Each line from the one containing "Blue Reef Sudoku" to the end of the entries below is to be set down exactly; the pictures are not.
START EXERCISE INPUTS
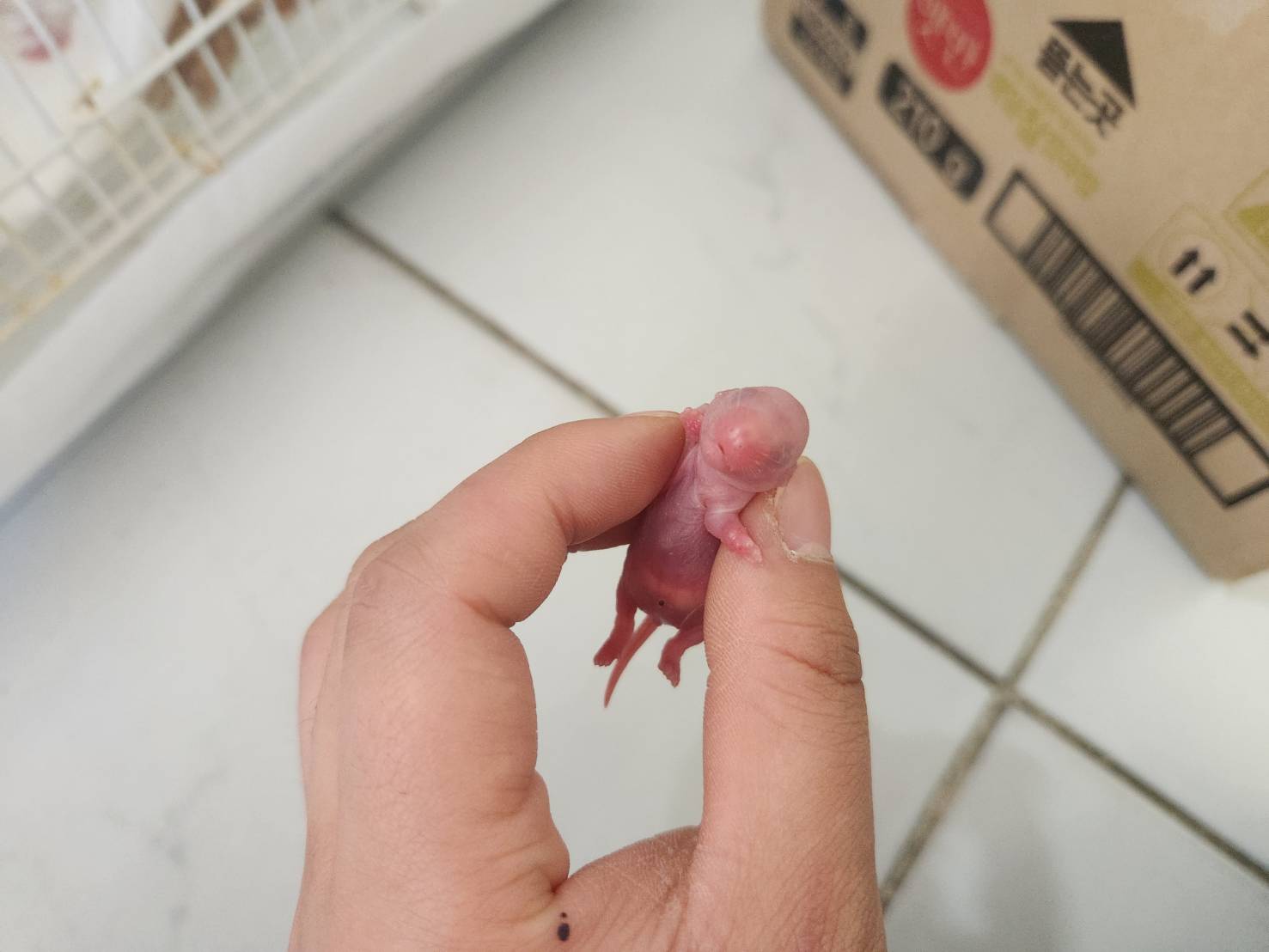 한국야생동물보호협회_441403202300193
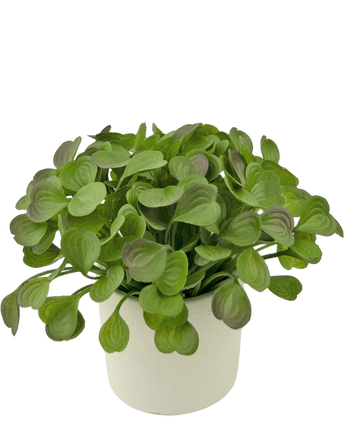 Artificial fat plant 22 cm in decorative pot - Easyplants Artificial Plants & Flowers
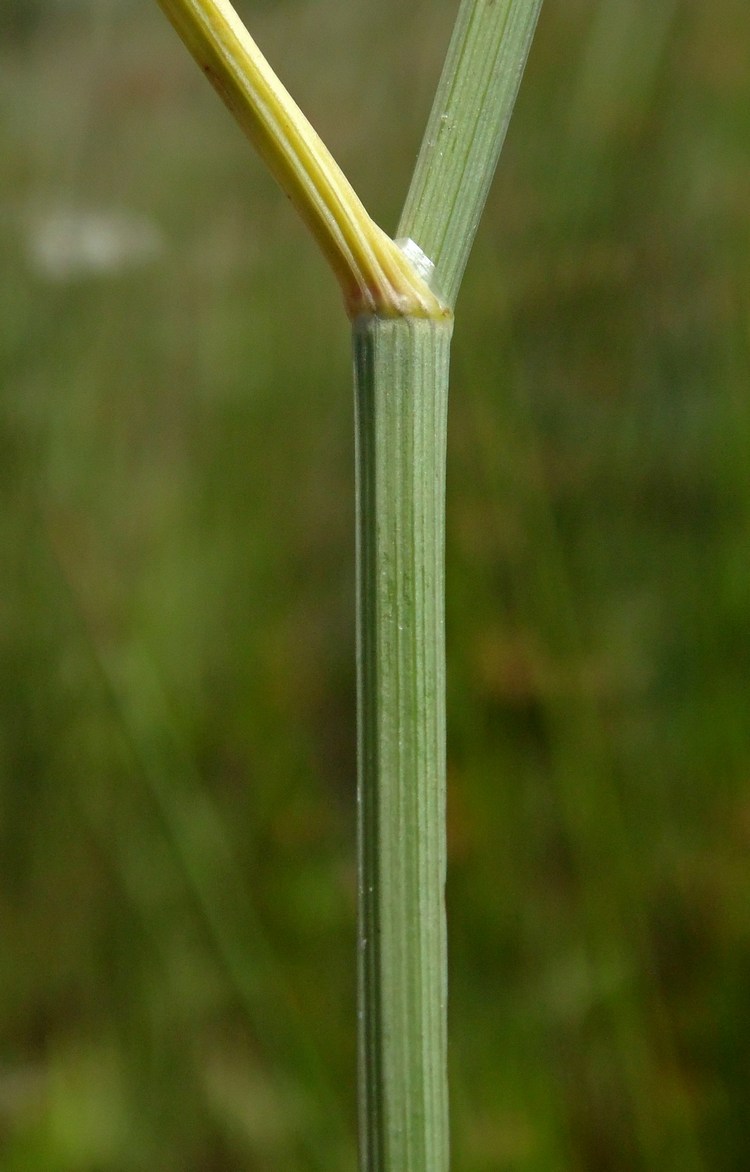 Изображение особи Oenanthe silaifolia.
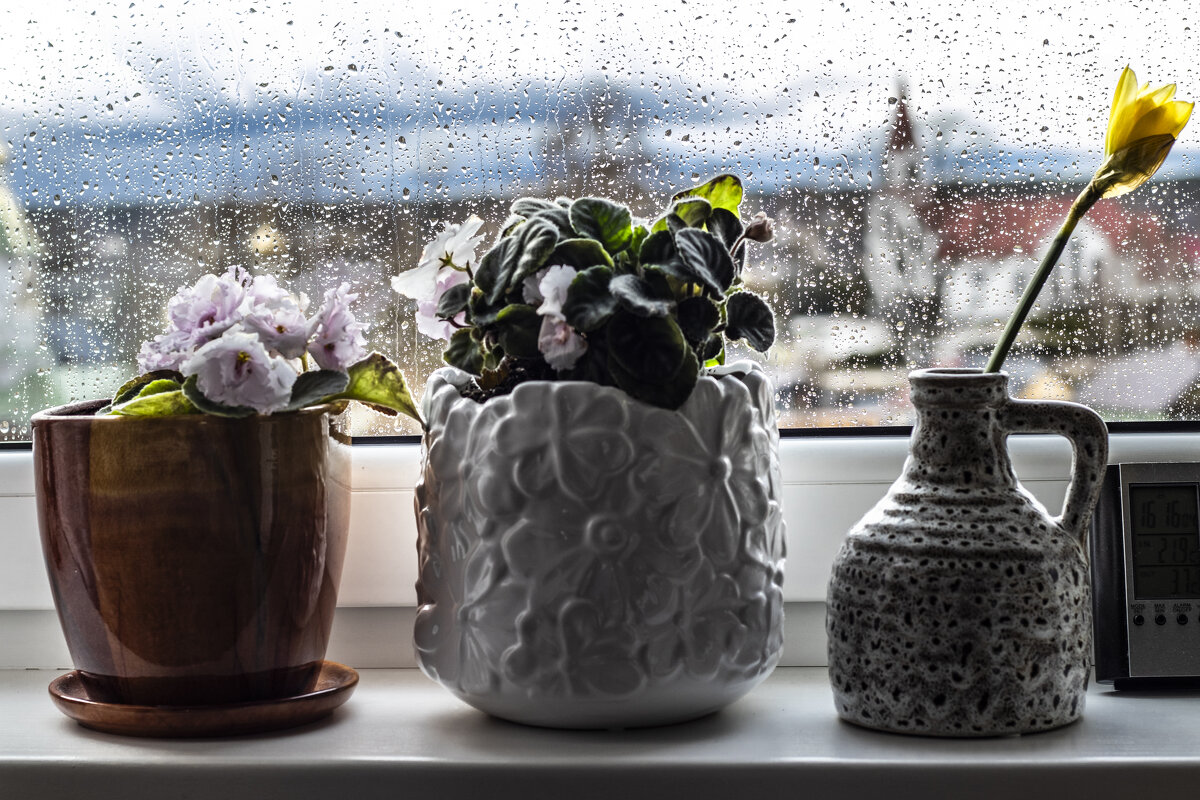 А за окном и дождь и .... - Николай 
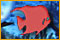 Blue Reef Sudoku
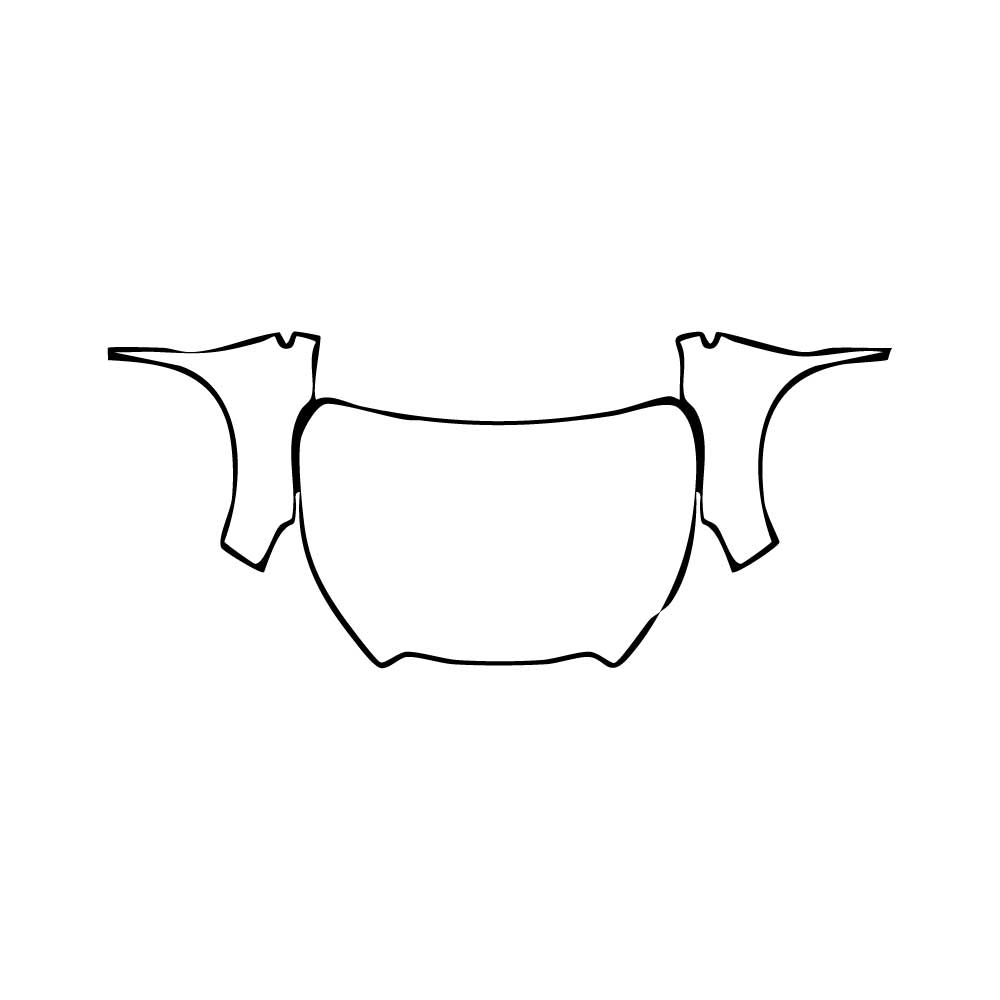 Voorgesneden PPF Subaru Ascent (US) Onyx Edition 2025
END EXERCISE INPUTS
TASK ANSWER
 Blue Reef Sudoku
 Voorgesneden PPF Subaru Ascent (US) Onyx Edition 2025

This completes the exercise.